Cette décision ne rend pas les interruptions de grossesse illégales, mais renvoie les États-Unis à la situation en vigueur avant l’arrêt emblématique Roe v. Wade de 1973, quand chaque État était libre de les autoriser ou non. La Cour suprême a ainsi rendu la liberté aux 50 États américains d’interdire l’avortement sur leur sol et une moitié devrait s’en saisir à plus ou moins long terme. Un avant-projet d’arrêt avait fait l’objet d’une fuite inédite début mai, provoquant d’importantes manifestations dans tout le pays et une vague d’indignation à gauche. La décision va à contre-courant de la tendance internationale à libéraliser les IVG, avec des avancées dans des pays où l’influence de l’Église catholique reste forte, comme l’Irlande, l’Argentine, le Mexique ou la Colombie.
La bataille entre les pro et anti-IVG se poursuit
L’arrêt de la Cour suprême couronne 50 ans d’une lutte méthodique menée par la droite religieuse, pour qui elle représente une énorme victoire mais pas la fin de la bataille : le mouvement devrait continuer à se mobiliser pour faire basculer un maximum d’États dans son camp ou pour essayer d’obtenir une interdiction au niveau fédéral. Elle s’inscrit aussi au bilan de l’ancien président républicain Donald Trump qui, au cours de son mandat, a profondément remanié la Cour suprême en y faisant entrer trois magistrats conservateurs (Neil Gorsuch, Brett Kavanaugh et Amy Coney Barrett) signataires aujourd’hui de cet arrêt.
Dans une partie du pays, les femmes désirant avorter seront donc obligées de poursuivre leur grossesse, de se débrouiller clandestinement, notamment en se procurant des pilules abortives sur Internet, ou de voyager dans d’autres États, où les IVG resteront légales. Anticipant un afflux, ces États, le plus souvent démocrates, ont pris des mesures pour faciliter l’accès à l’avortement sur leur sol et les cliniques ont commencé à basculer leurs ressources en personnel et équipement. Mais voyager est coûteux et la décision de la Cour suprême pénalisera davantage les femmes pauvres ou élevant seules des enfants, qui sont surreprésentées dans les minorités noires et hispaniques.

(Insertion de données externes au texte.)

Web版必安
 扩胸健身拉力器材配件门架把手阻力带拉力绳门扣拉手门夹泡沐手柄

Des politiques différenciées en fonction des États
Treize États, surtout dans le Sud et le centre plus religieux et conservateur, se sont dotés ces dernières années de lois dites « zombie » ou « gâchette » rédigées pour entrer en vigueur automatiquement en cas de changement de jurisprudence à la Cour suprême. Elles interdisent les avortements avec des nuances : l’Idaho prévoit des exceptions en cas de viol ou d’inceste, le Kentucky uniquement en cas de danger pour la vie de la femme enceinte ; la Louisiane prévoit jusqu’à dix ans de prison pour les professionnels de santé, le Missouri jusqu’à 15…

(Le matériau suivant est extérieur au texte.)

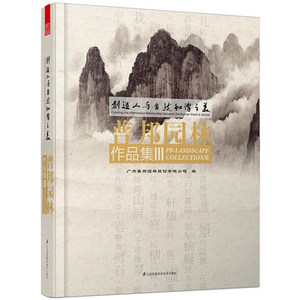正版包邮 创造人与自然和谐之美：普邦园林作品集：Ⅲ 广州普邦园林股份有限公司 建筑设计城乡建设书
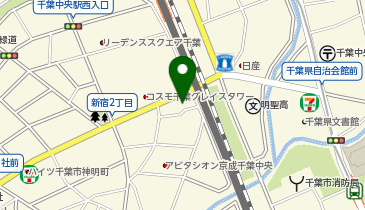 総合探偵社シークレットシャドー 千葉オフィスの地図画像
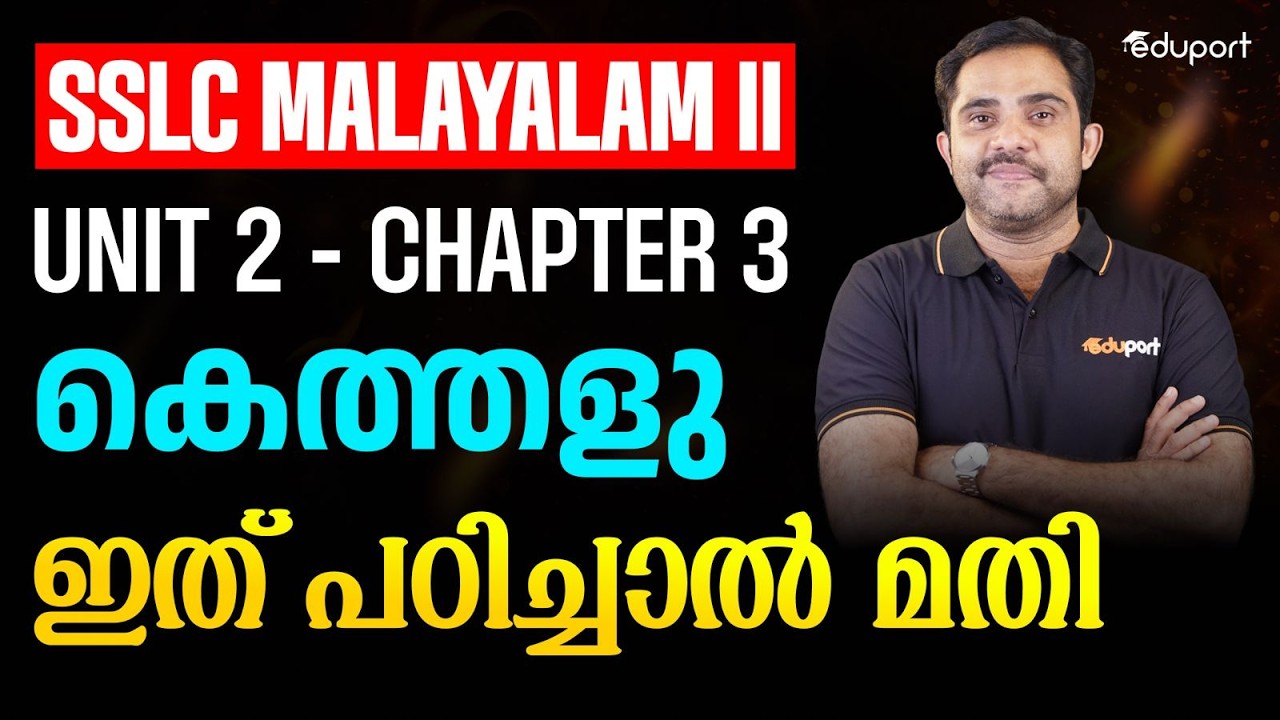 SSLC Malayalam II | 2.3-കെത്തളു ഇത് പഠിച്ചാൽ മതി | Eduport
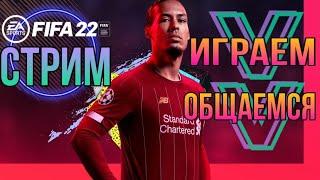  FIFA MOBILE 22  СТРИМ •[ПРЯМОЙ ЭФИР].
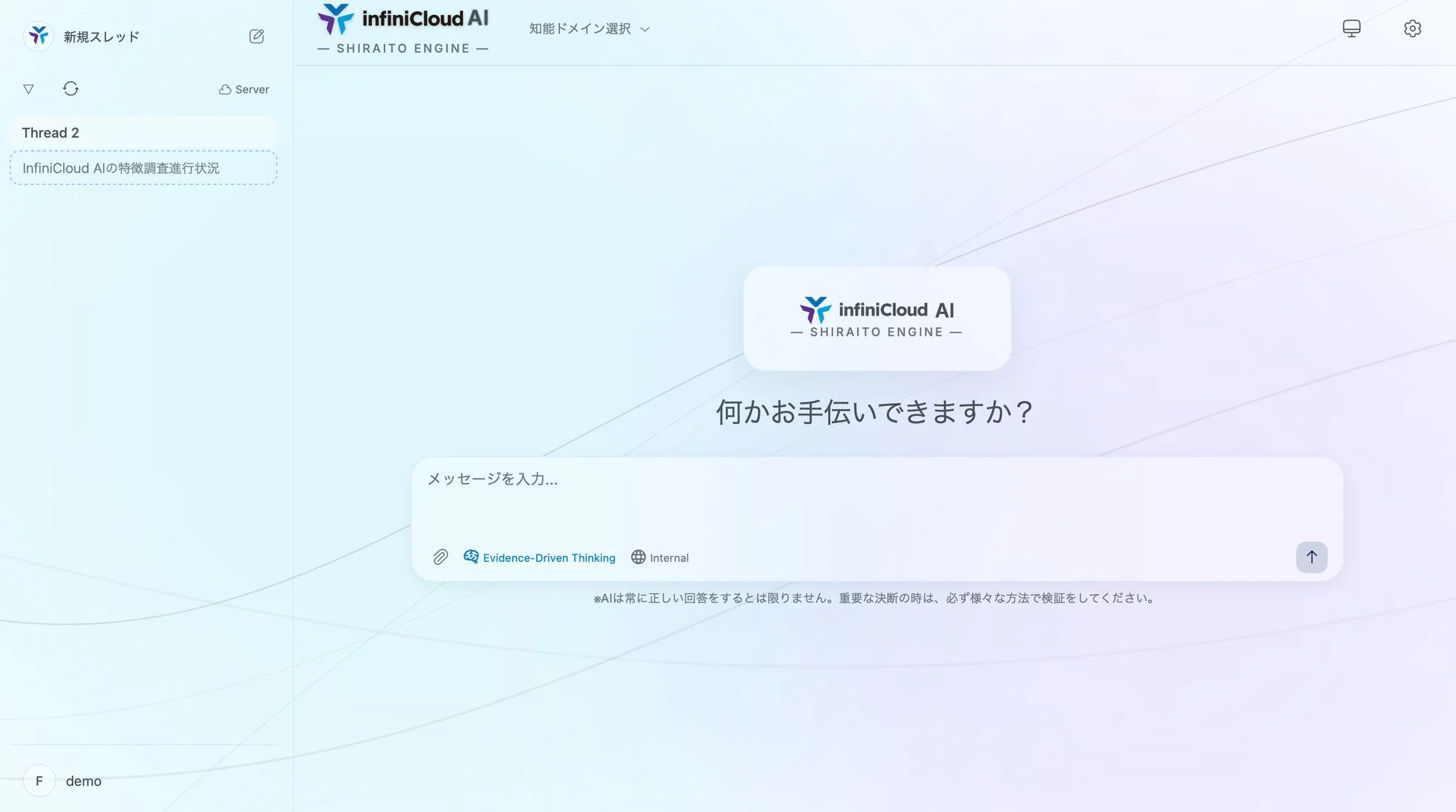 使いやすいチャットUI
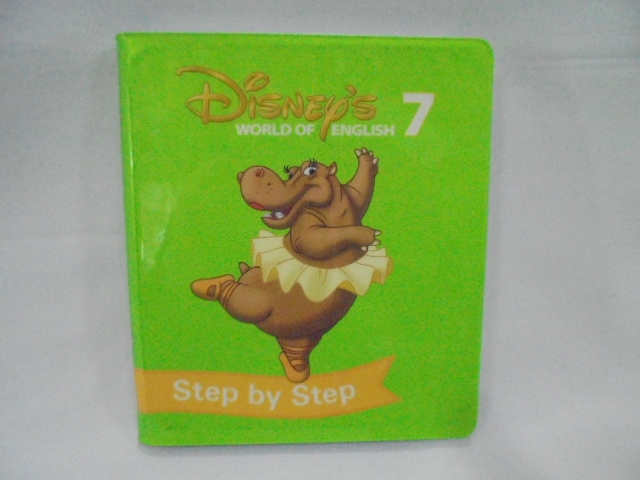 メインプログラム,DWE絵本CDの中古販売(ディズニー英語システムDWE)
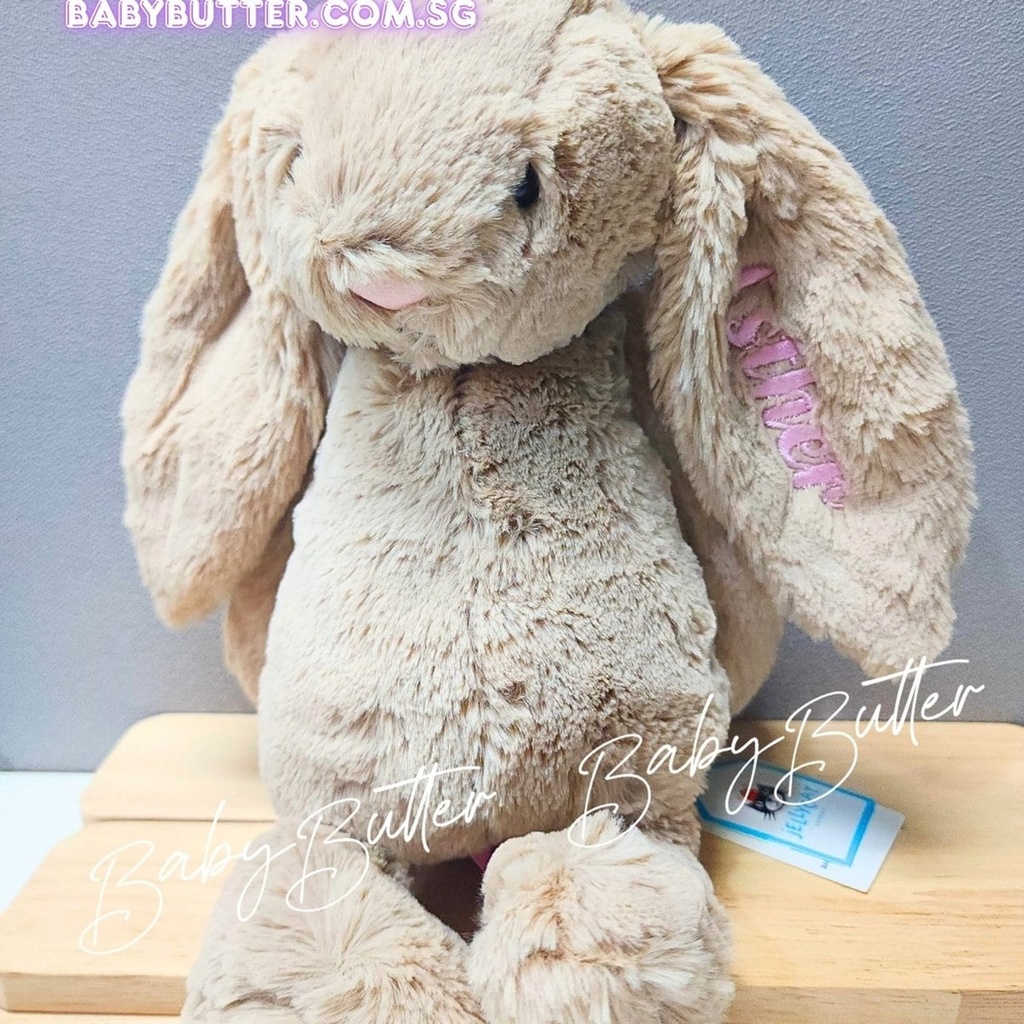 Bashful Beige Bunny (Medium, 31cm) - Personalised Jellycat Bunny Soft Toy (NO EMBROIDERY, 1. Orange Days)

Vingt-deux États, surtout sur la côte Ouest et dans le Nord-Est, conserveront le droit à l’avortement et certains ont même pris des mesures pour élargir l’accès aux IVG, notamment en autorisant davantage de professionnels de santé à les pratiquer ou en augmentant les financements des cliniques. Prenant acte du risque juridique, la puissante organisation Planned Parenthood ne planifie aucun avortement à compter de la fin juin dans le Wisconsin où le gouverneur démocrate défend le droit à l’avortement mais pas les parlementaires républicains majoritaires.